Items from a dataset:
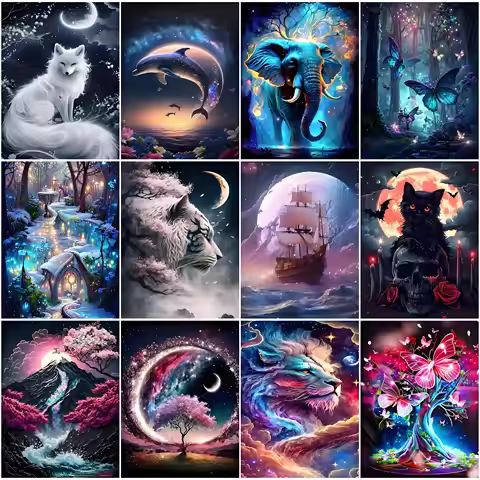 Beginner DIY Diamond Painting Kit Frameless, 7.87x11.81 inch Handmade Home Decoration Painting Set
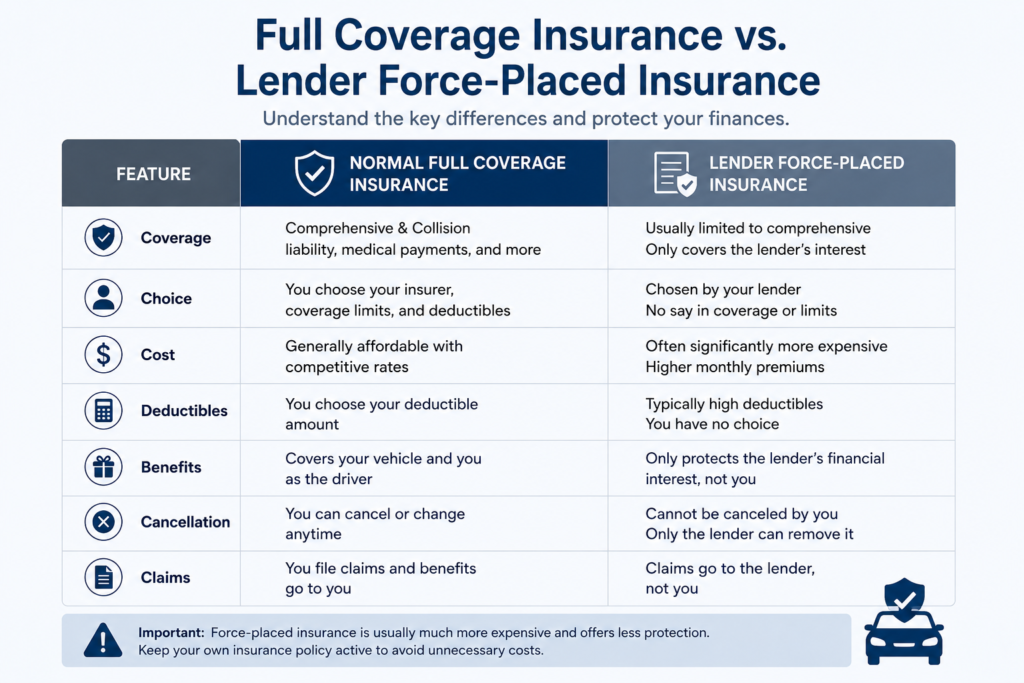 Comparison between normal full coverage insurance and lender force-placed insurance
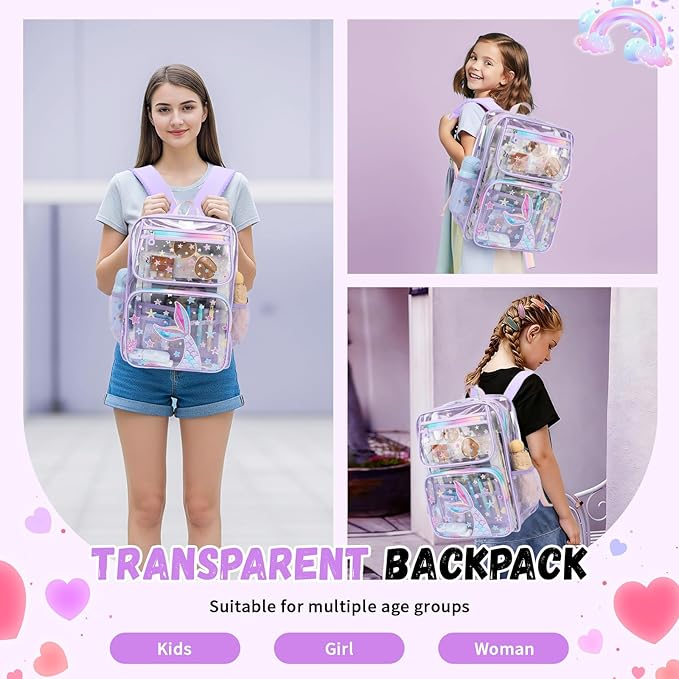 MOONBABY Clear Backpack for School Girls, Heavy Duty TPU Transparent Backpack Stadium Events Approved, Clear Bookbag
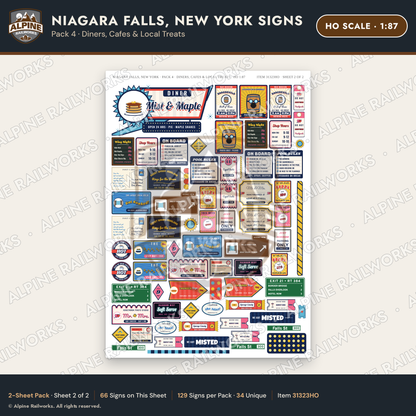 Alpine Railworks 31323HO HO Scale Niagara Falls NY Signs - Diners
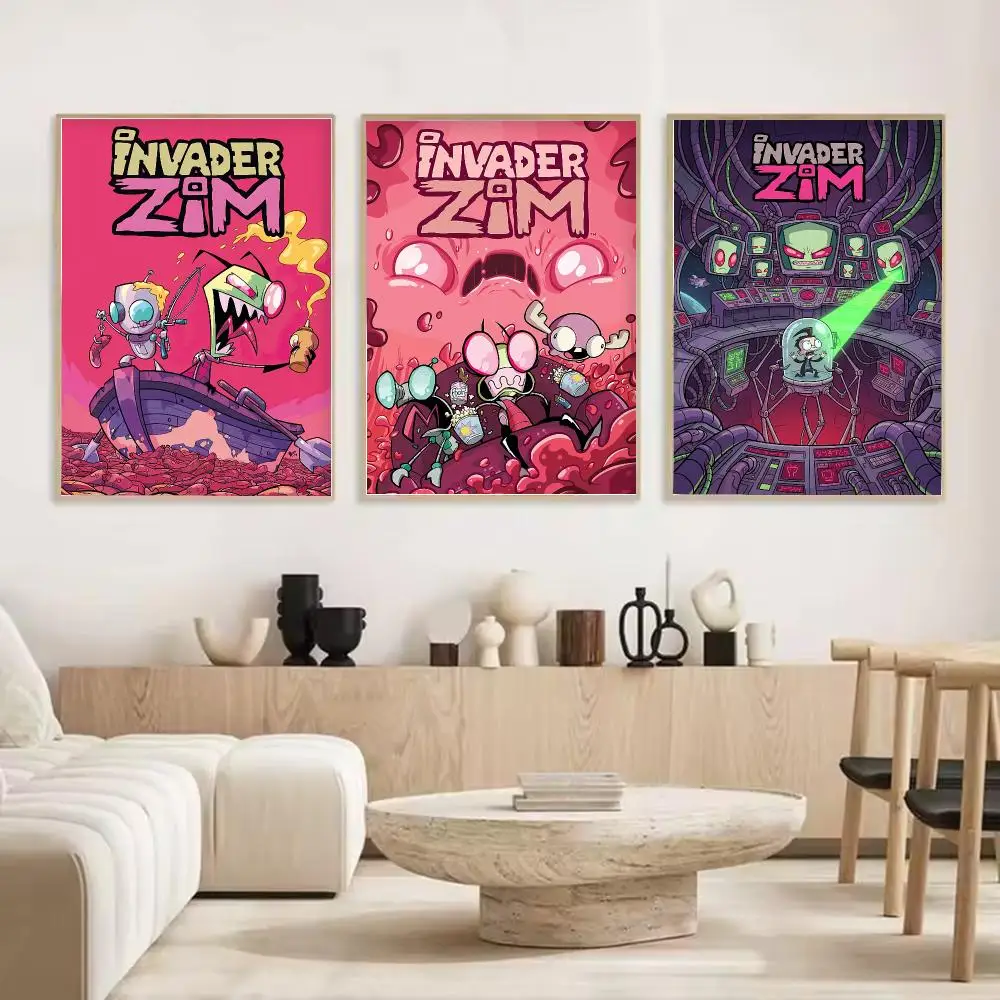 I-Invader Z-Zim Painting Calligraphy Stylish Canvas Poster Wall Art for Living Room Bedroom Cafe Office Decor Gift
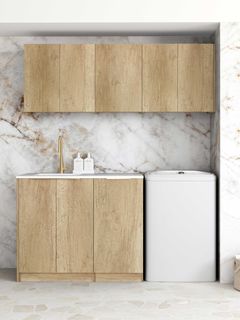 Laundry Kit 1715B Byron/Bondi Natural Oak with Pure White Top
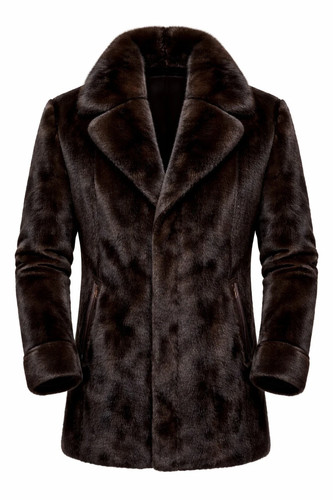 Men real mink fur coat - fur, brown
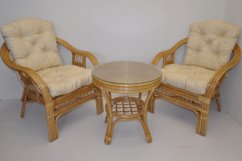 Zahradní set SAULO 2 + 1 — ratan, látka, medová / více barev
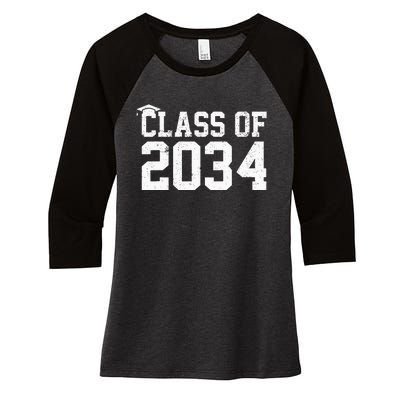 Class Of 2034 Grow With Me Graduation First Day Of School Women's Tri-Blend 3/4-Sleeve Raglan Shirt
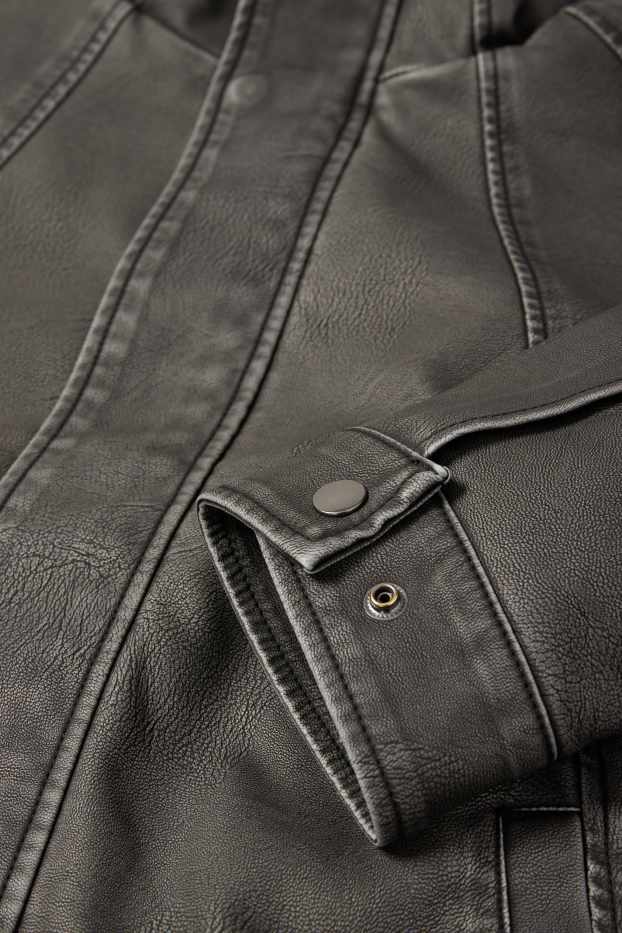 Men - Bomber jacket - faux leather - gray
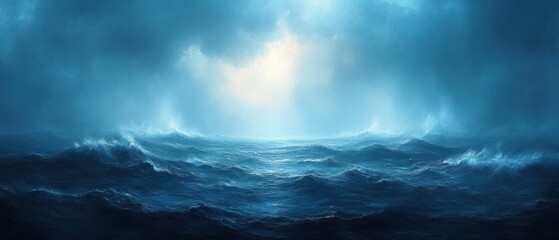 Obraz premium A Dramatic Seascape with a Glimmer of Light in the Distance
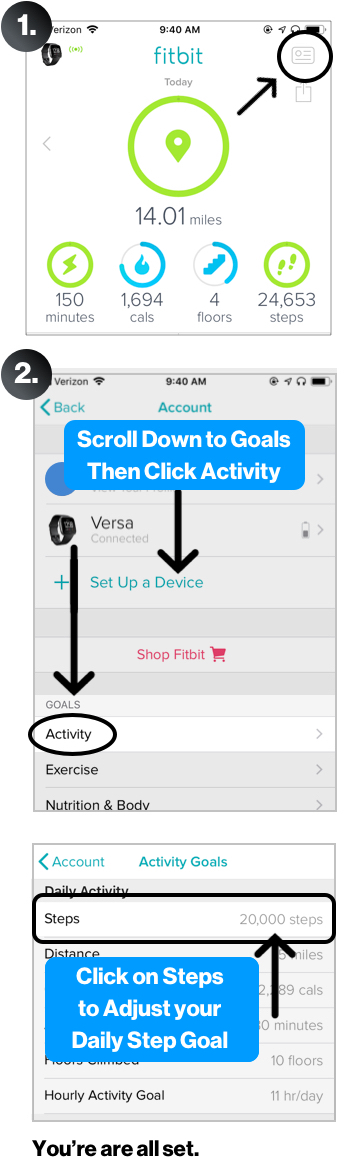 how to change step goal on fitbit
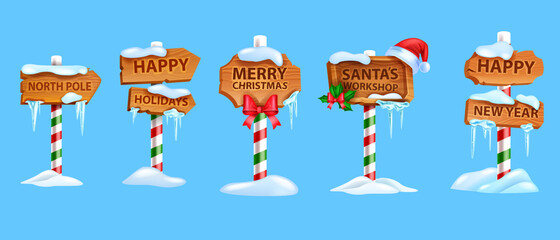 Christmas wooden sigh board set, vector x-mas North Pole road pointer, Santa Claus workshop arrow. New Year holiday game frame kit, snow drift, winter decoration titles. Christmas sign banners, icicle
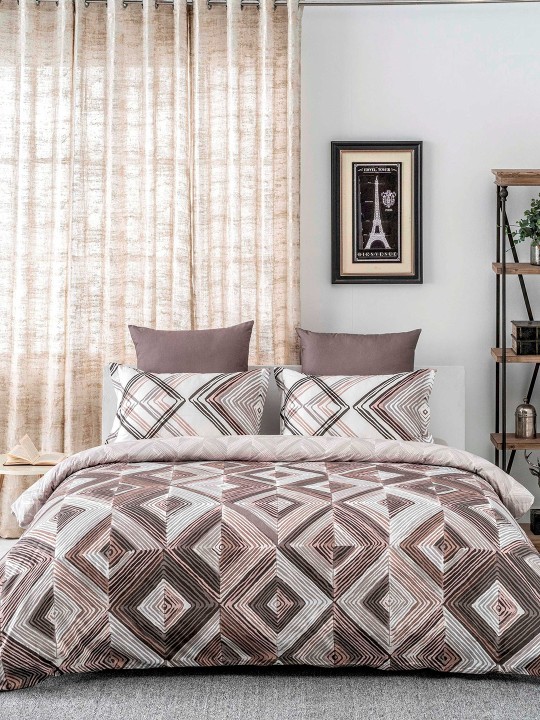 Brown Geometric Flat 144 TC Cotton 1 King Bedsheet with 2 Pillow Covers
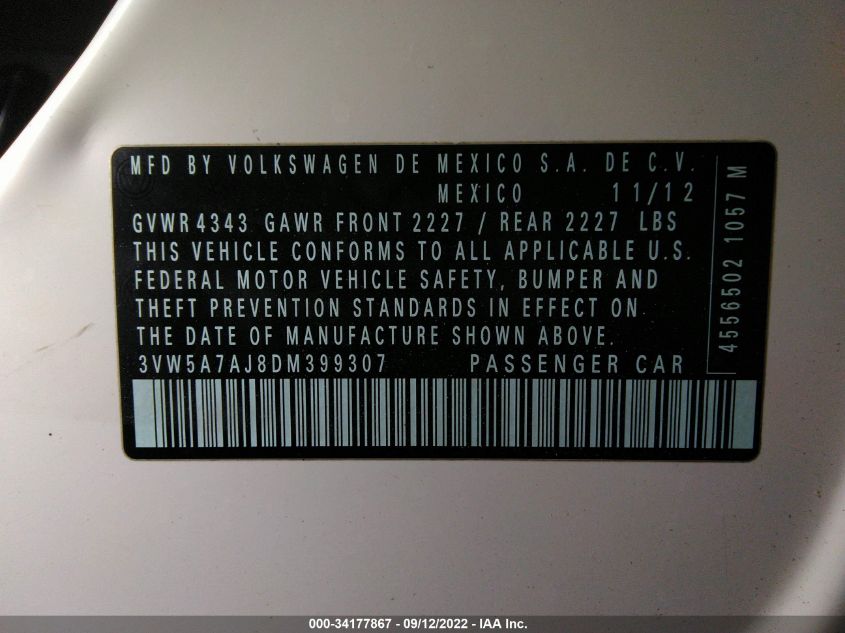 2013 VOLKSWAGEN GLI AUTOBAHN W/NAV 3VW5A7AJ8DM399307
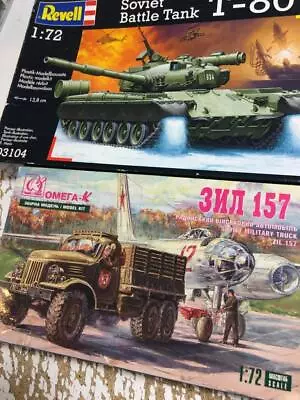 1:72 T80 Soviet Tank & Zil157 Truck 1/72 Model Kits Job Lot Complete Unstarted • £18.99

→ DESCRIPTION OF THE TASK: Could you repeat, exactly, only the lines above starting at the one that has "Men real mink fur coat - fur, brown" and stopping after the one that has "how to change step goal on fitbit", without the pictures?

→ WRITTEN REPLY:
 Men real mink fur coat - fur, brown
 Zahradní set SAULO 2 + 1 — ratan, látka, medová / více barev
 Class Of 2034 Grow With Me Graduation First Day Of School Women's Tri-Blend 3/4-Sleeve Raglan Shirt
 Men - Bomber jacket - faux leather - gray
 Obraz premium A Dramatic Seascape with a Glimmer of Light in the Distance
 how to change step goal on fitbit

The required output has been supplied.